Granted the rare opportunity to chronicle Johnson’s architectural contributions, Architect Chris Brandt and Architectural Historian Katie Eggers Comeau of Bero Architecture spent 18 months participating in primary research that can be used to help nominate his buildings for listing in the National Register of Historic Places using the Multiple Property Documentation Form (MDPF).

Photo of Temple Sinai by Chris Brandt.

In the 2019 New York Statewide Preservation Conference panel session, “James Johnson, Rochester’s Mid-Century Maverick: Documenting the Architecture of the Recent Past,” the team will discuss the benefits of the MDPF format for analysis and advocacy purposes, how they evaluated Johnson’s career and lessons they learned, all illustrated with original and recent photographs representing Johnson’s unique body of work.

Their final report, “The Architecture of James H. Johnson,” is a historic resource survey that documents Johnson’s career and buildings in the greater Rochester area, where he worked from 1957 until his death in 2016. The report was sponsored by the Greece Historical Society and funded by grants from the Preservation League of New York State/New York Council on the Arts, The Landmark Society of Western New York and a generous donation by the Johnson family.

Photo of Temple Sinai by Katie Eggers Comeau.

The team co-authored the survey, having interviewed Johnson’s family members and former colleagues, cataloged his vast trove of drawings, visited with building owners and photographed select buildings, Brandt, a friend and mentee of Johnson’s, explained.

“It was a treat to see how many [of Johnson’s buildings] are occupied by people who are madly in love with their houses and are taking meticulous care of them, despite the challenges that can come with living in an experimental work of art,” Eggers Comeau said.

The team’s final report will help the owners of Johnson’s buildings to identify what makes them significant. This information can be utilized to nominate the buildings for listing in the National Register of Historic Places: national recognition of a property’s historical or architectural significance which denotes that it is worthy of preservation.

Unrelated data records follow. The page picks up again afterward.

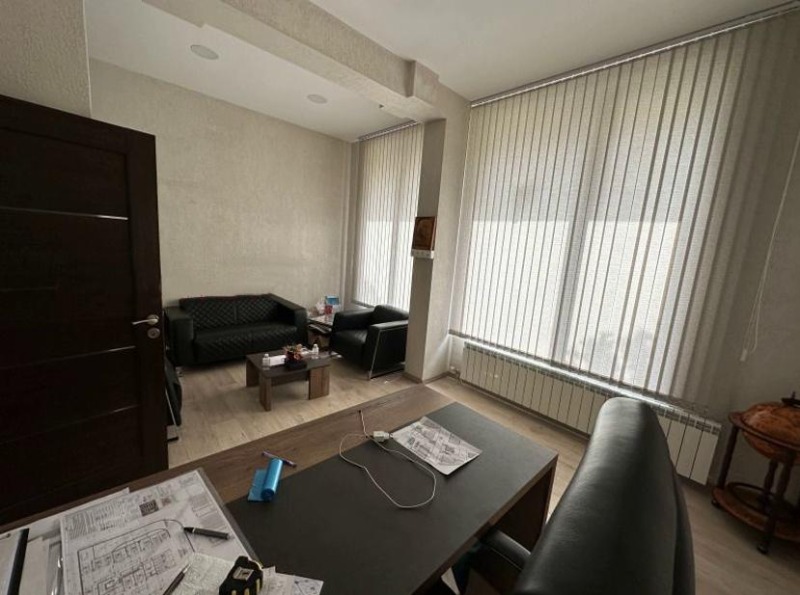 À venda  Escritório Sofia , Studentski grad , 140 m² | 79821701 - imagem [6]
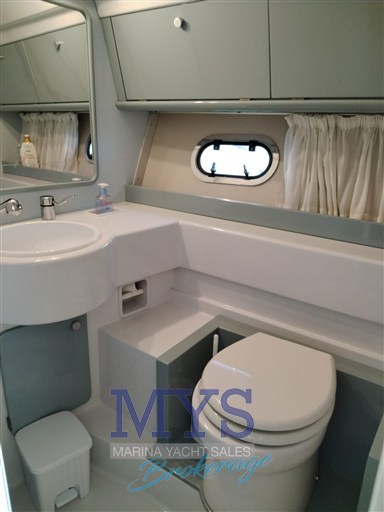 COMAR CLANSHIP 40' (7)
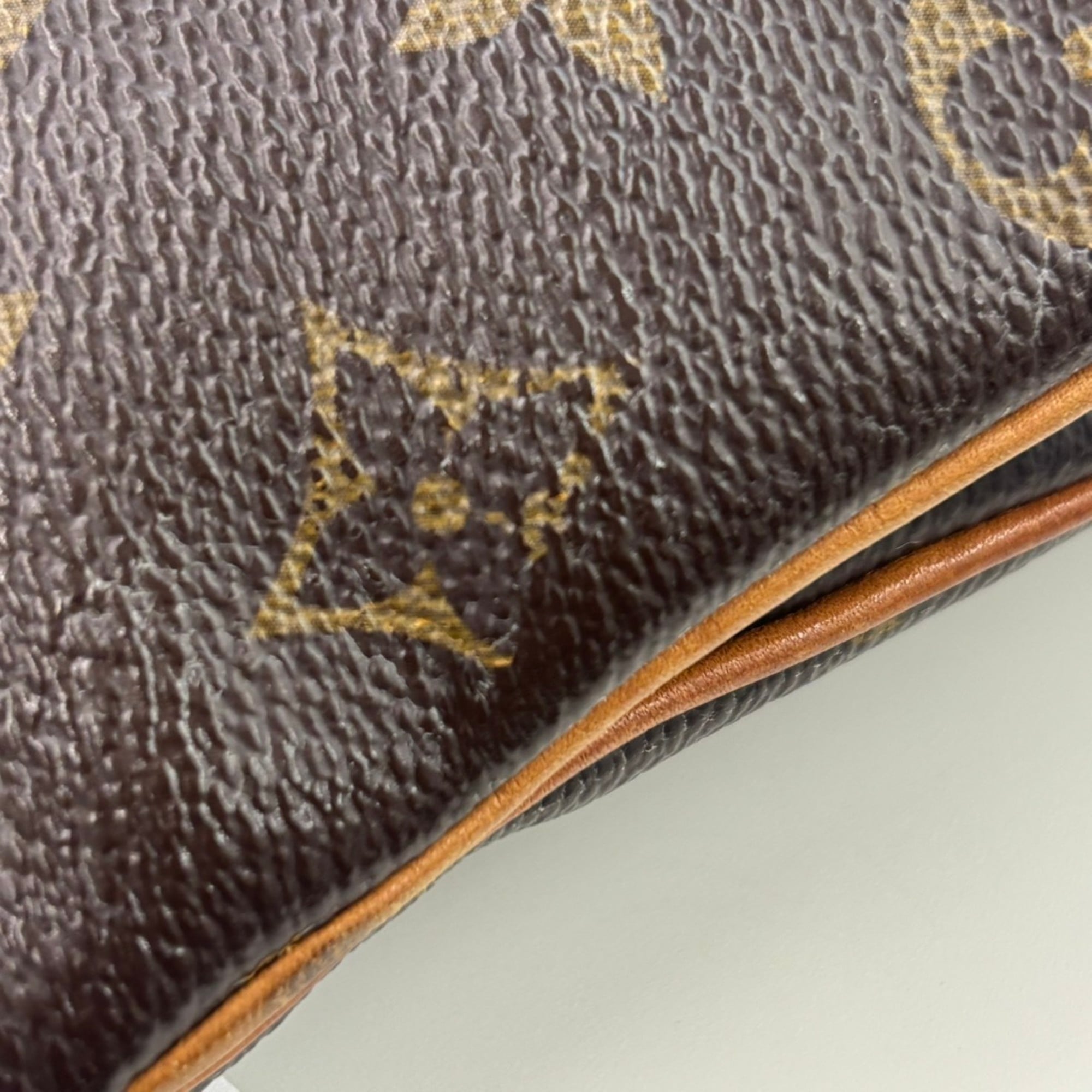 Louis Vuitton Brown Leather Shoulder Bag (Pre-Owned)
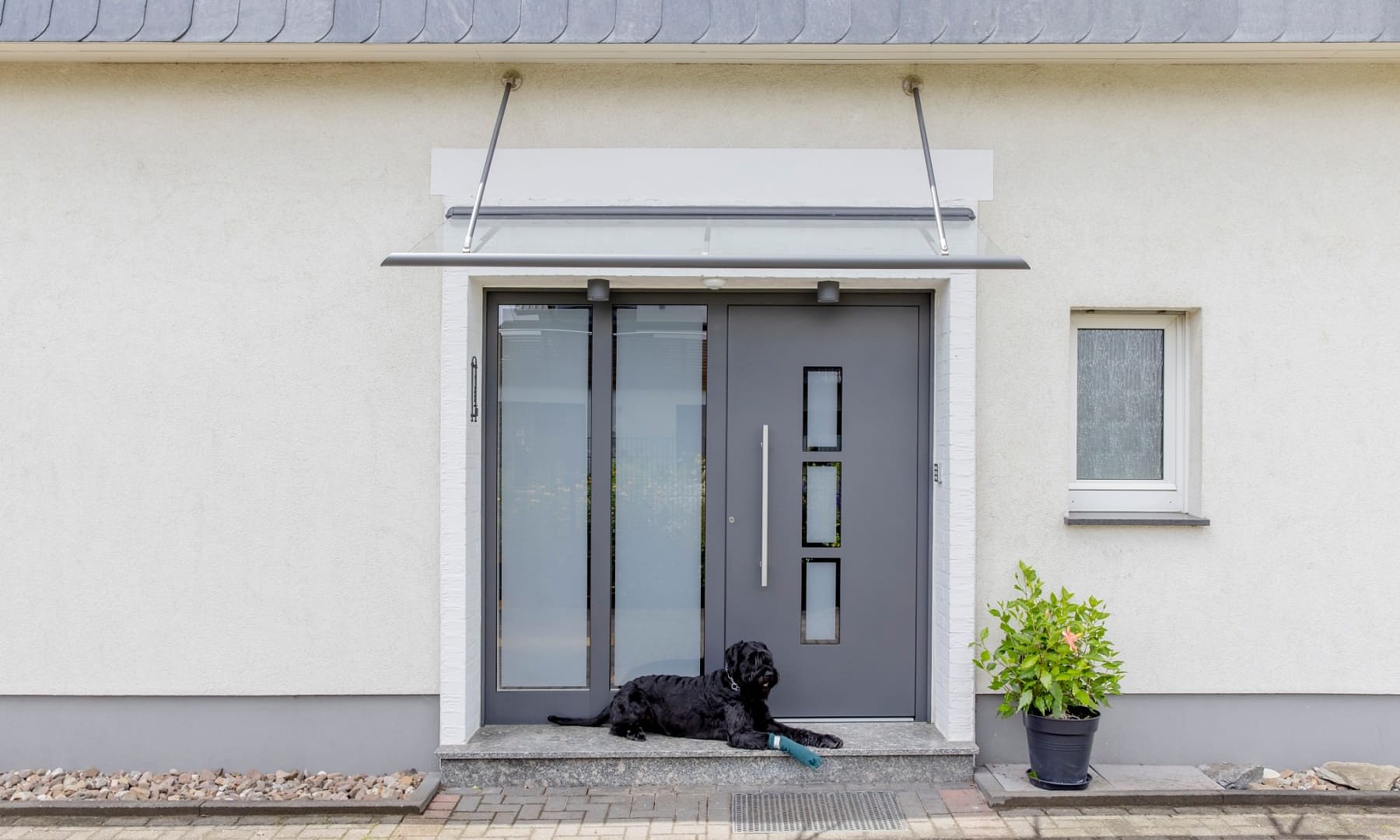 Eine moderne Haustür in weißer Haus-Fassade in Bielefeld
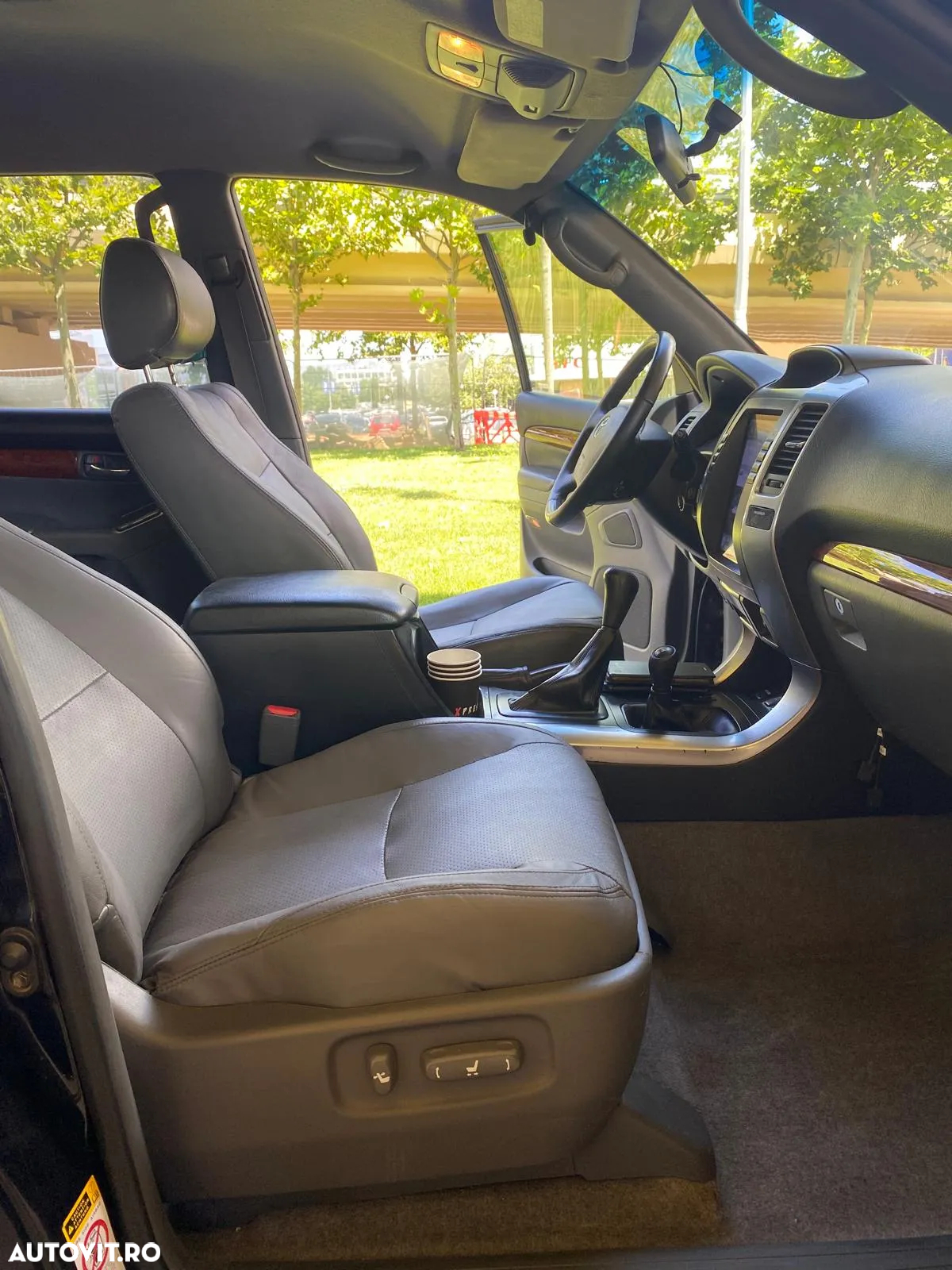 Toyota Land Cruiser 3.0 TD-4D Aut VIP - 11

Photo of St. John the Evangelist Church by Bill Sauers.

Johnson’s designs are often characterized by earth-form organic construction, making his buildings distinctive candidates for nomination. His architecture is unique in that it relies on concrete, an element not found in nature, to create his signature Organic Modernist style.

In an interview published as part of his studies at University at Buffalo, Brandt asked Johnson about concrete’s significance as a construction material.

“It flows through my veins,” Johnson said. “I don’t know; I just love concrete. If someone said to me, ‘I want a magical material that will bend, curve and do all these various things, and if I could just shoot it with a hardener, and it would all just hard as I moved it along, and I just built with a crane or something… wouldn’t that be the best material in the world?’ And I thought, and I said, ‘Yeah, that’s concrete. I’ve got it.”

An example of Johnson’s masterful use of concrete is St. Januarius Church in Naples, New York. The building was constructed utilizing concrete castings made in forms dug into the soil on site. The church is one of Brandt’s favorite buildings.

Photo of St. Januarius Church by Cynthia Howk.

“While his expertise with large-scale concrete construction brought him around the world on a few occasions, he spent almost all of his long career working in the Rochester area, where his daring, expressive designs remain some of the boldest and most creative contribution to our region’s architectural heritage,” Brandt and Eggers Comeau said.

Eggers Comeau hopes that attendees will come away from this session with an appreciation for Johnson’s architecture and recognize the importance of documenting twentieth-century architects’ careers while the architects, those who collaborated with them and their original materials can be more easily accessed.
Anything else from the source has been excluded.